## ABOUT THIS EXERCISE
All of the data should be given again word for word, though the images are to be left out.

## DATA BLOCK
--- START ---

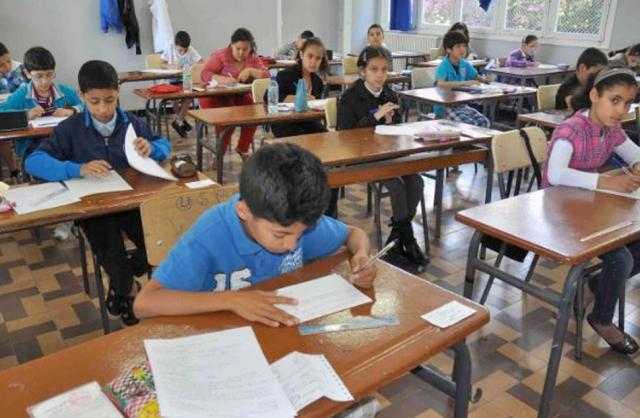 طلاب سنة رابعة ابتدائي يكشفون سبب معاناتهم من المناهج.. فيديو
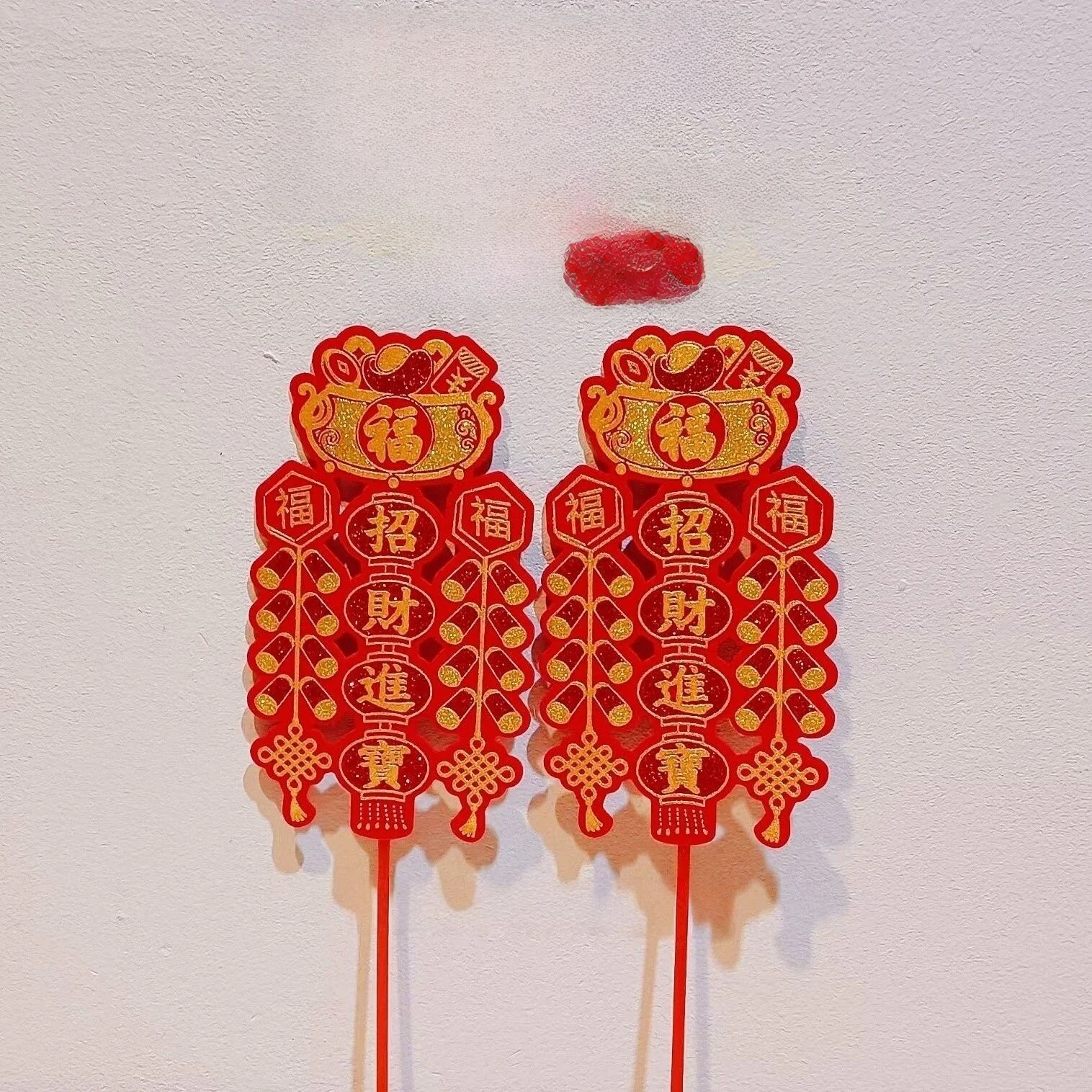 artesanato-popular-de-chaozhou-incensario-de-tecido-de-veludo-com-flor-dourada-ramo-de-primavera-e-caractere-fu-para-locais-turisticos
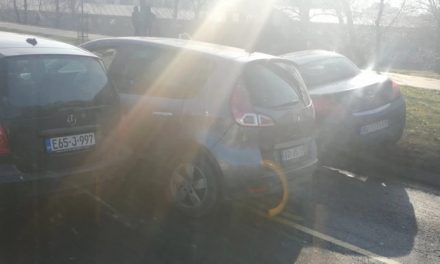 Több autó karambolozott a Branko-hídon, megbénult a forgalom Újbelgrádban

--- END ---

## SOLVED PROBLEM
 طلاب سنة رابعة ابتدائي يكشفون سبب معاناتهم من المناهج.. فيديو
 artesanato-popular-de-chaozhou-incensario-de-tecido-de-veludo-com-flor-dourada-ramo-de-primavera-e-caractere-fu-para-locais-turisticos
 Több autó karambolozott a Branko-hídon, megbénult a forgalom Újbelgrádban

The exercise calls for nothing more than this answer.